Assigned task -
The output should match, line for line, the records from the line containing "Ebike Battery 48V" through the line containing "Warmther baby monthly", with every picture left out.

Pictures with short captions:
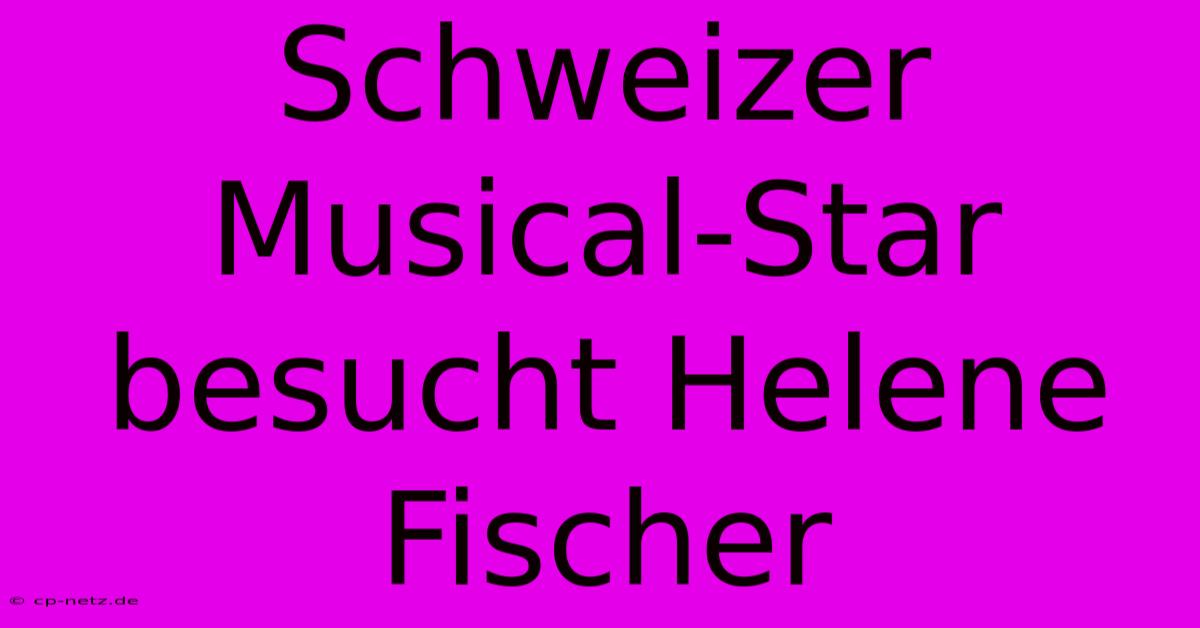 Schweizer Musical-Star Besucht Helene Fischer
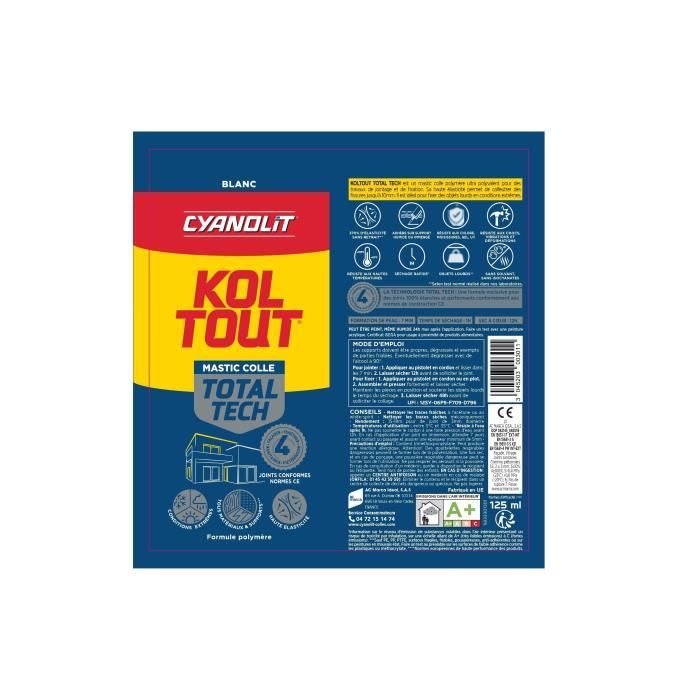 Colle de fixation et d'étanchéité - CYANOLIT - Total tech - Blanc - Tube 125 ml - Polyvalente - Haute résistance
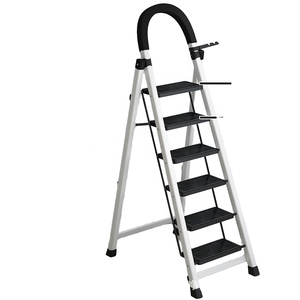 Échelle escamotable en acier de conception moderne pour hôpital, 3-4 marches, tabouret d'escalier, rouge, pliable, télescopique - Product Image 5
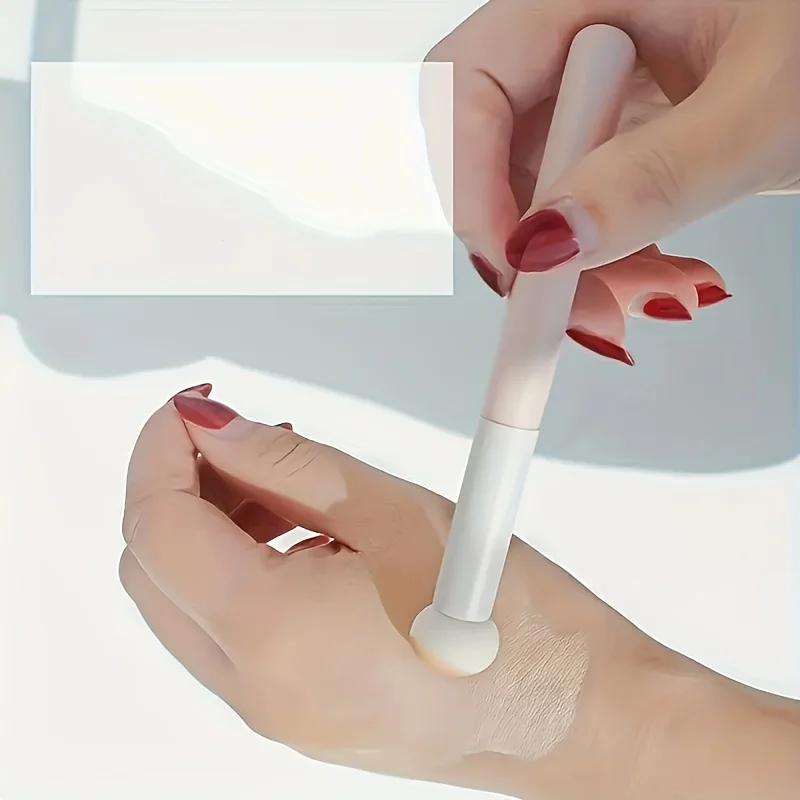 مجموعة إسفنجة مكياج برأس الفطر قطعة واحدة، مناسبة لجميع أنواع البشرة |   خلاط تجميل برأس مستدير ناعم باللونين الوردي والأبيض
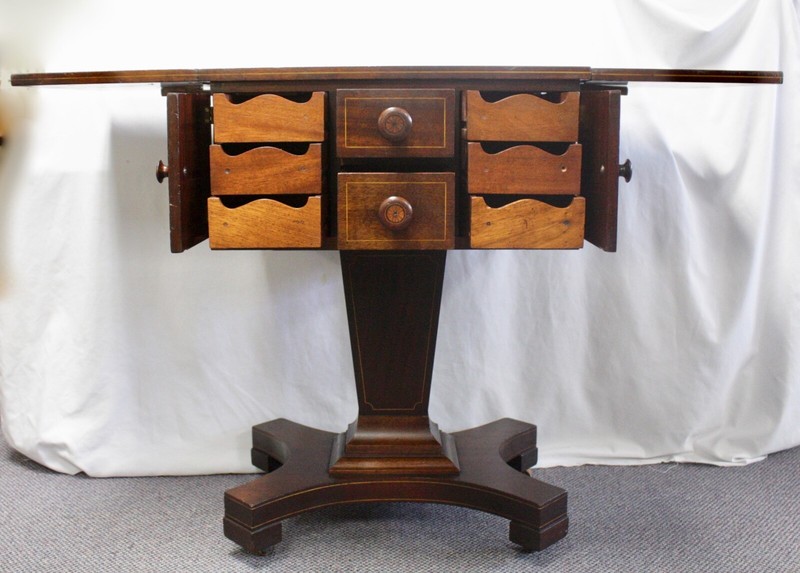 Antique Mahogany SEWING WORK SIDE TABLE.Drop-Leaf Sides. Inlaid Doors + Pulls. gallery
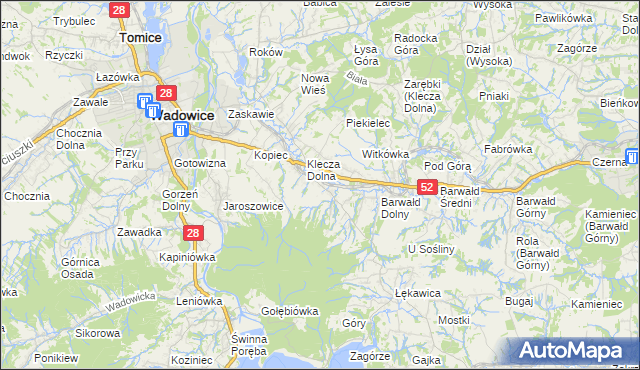 mapa Klecza Górna, Klecza Górna na mapie Targeo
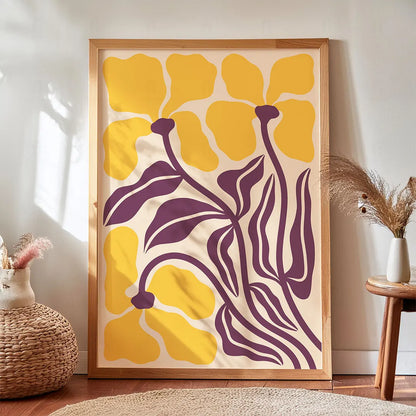 Duży plakat z żółtymi kwiatami-boho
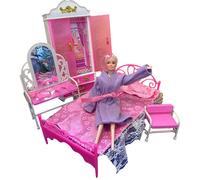 Fat-catz-copy-catz Pink Princess Fashion Dolls House Sized Plastic Furniture Set: Bed, Dressing Table & Wardrobe (Doll Not Included)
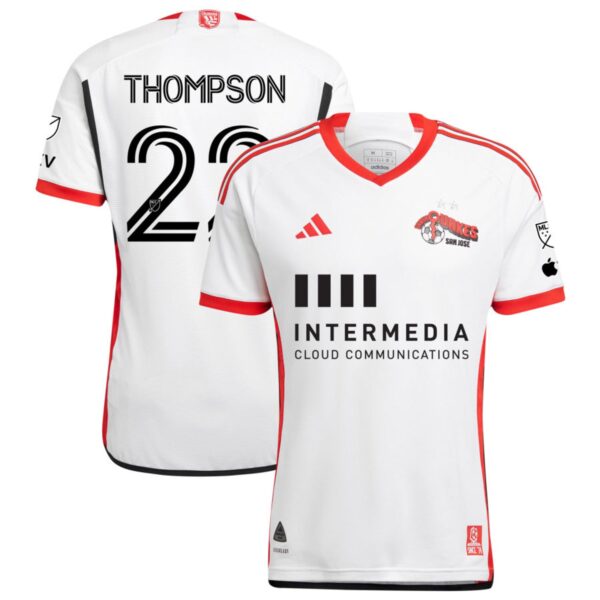 San Jose Earthquakes 2024 The 50 Kit Authentic Jersey White 22 Thompson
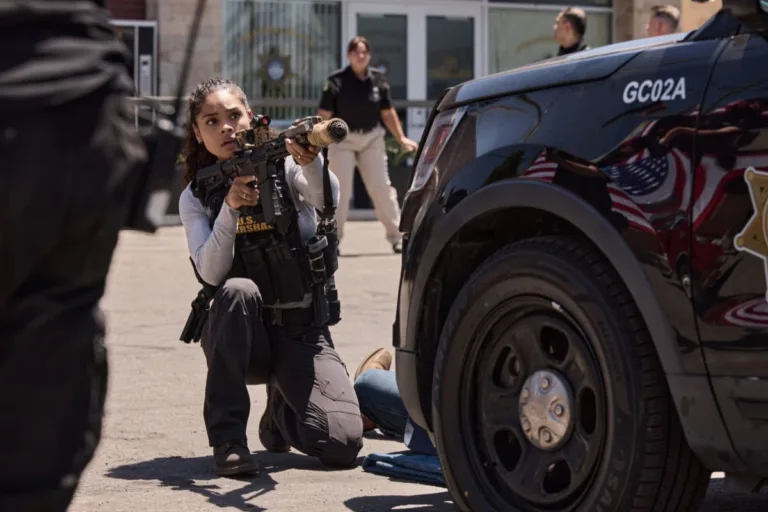 "End of Watch" - Coverage of the CBS Original Series MARSHALS, season 2, scheduled to air on the CBS Television Network and streaming on Paramount+. Pictured: Ash Santos as Andrea Cruz. Photo: Matthias Clamer/CBS ©2026 CBS Broadcasting, Inc. All Rights Reserved.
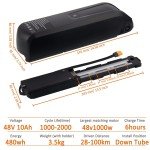 Ebike Battery 48V 36V 15Ah 10Ah 200W-1500W Electric BIKE Lithium Battery Black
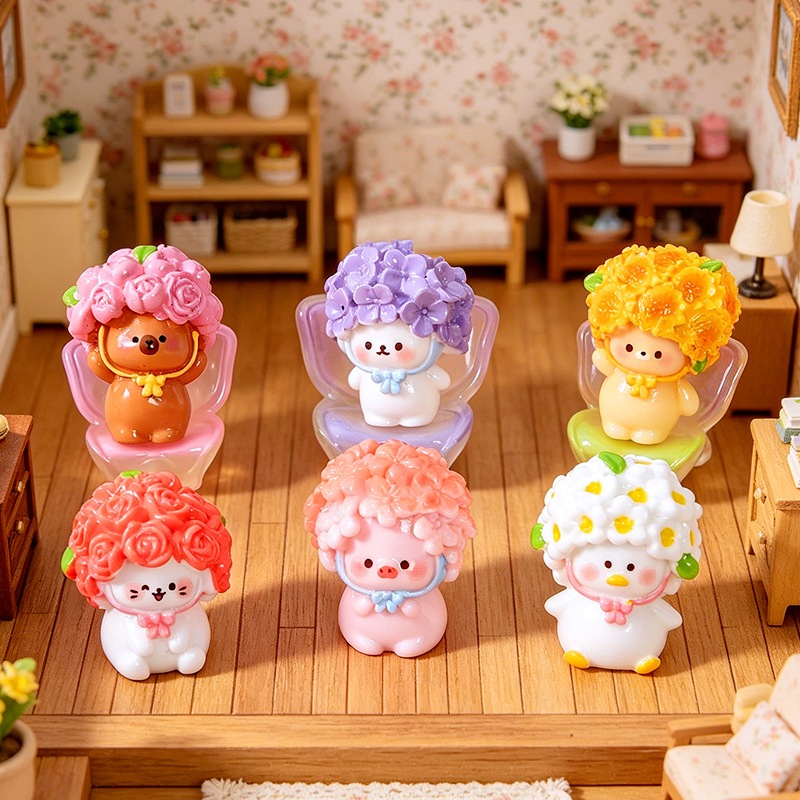 พร้อมส่ง ของตกแต่ง สะสม DIY ดอกไม้จิ๋ว (1 SET 6 ตัว)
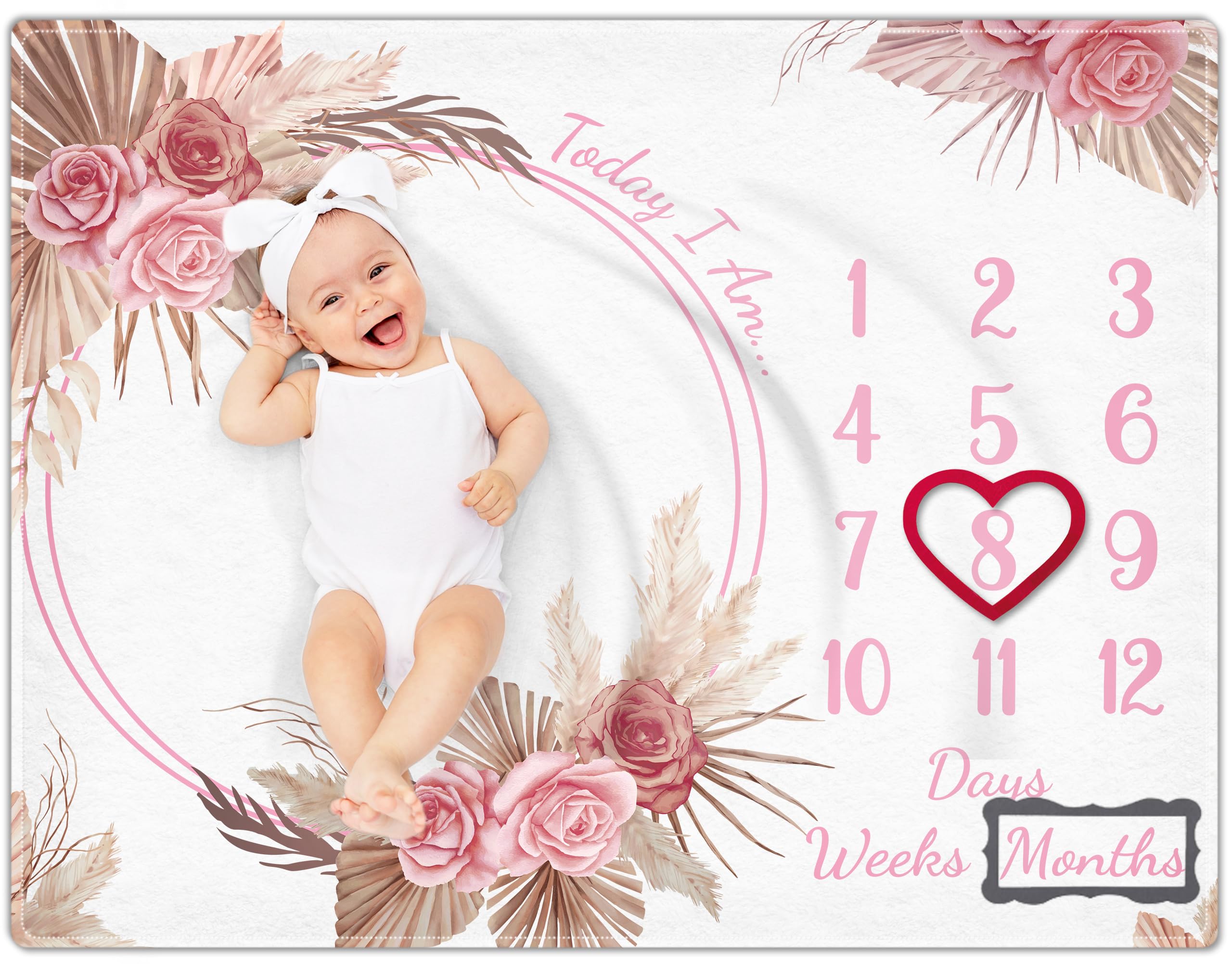 Warmther baby monthly milestone blanket floral boho closeup highlights cozy texture for photos.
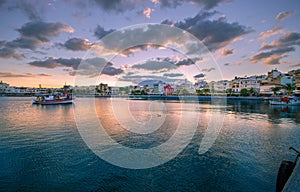 The pictursque port of Sitia, Crete, Greece at sunset. Sitia is a traditional town at the east Crete near the beach of palm trees,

Solution below -
 Ebike Battery 48V 36V 15Ah 10Ah 200W-1500W Electric BIKE Lithium Battery Black
 พร้อมส่ง ของตกแต่ง สะสม DIY ดอกไม้จิ๋ว (1 SET 6 ตัว)
 Warmther baby monthly milestone blanket floral boho closeup highlights cozy texture for photos.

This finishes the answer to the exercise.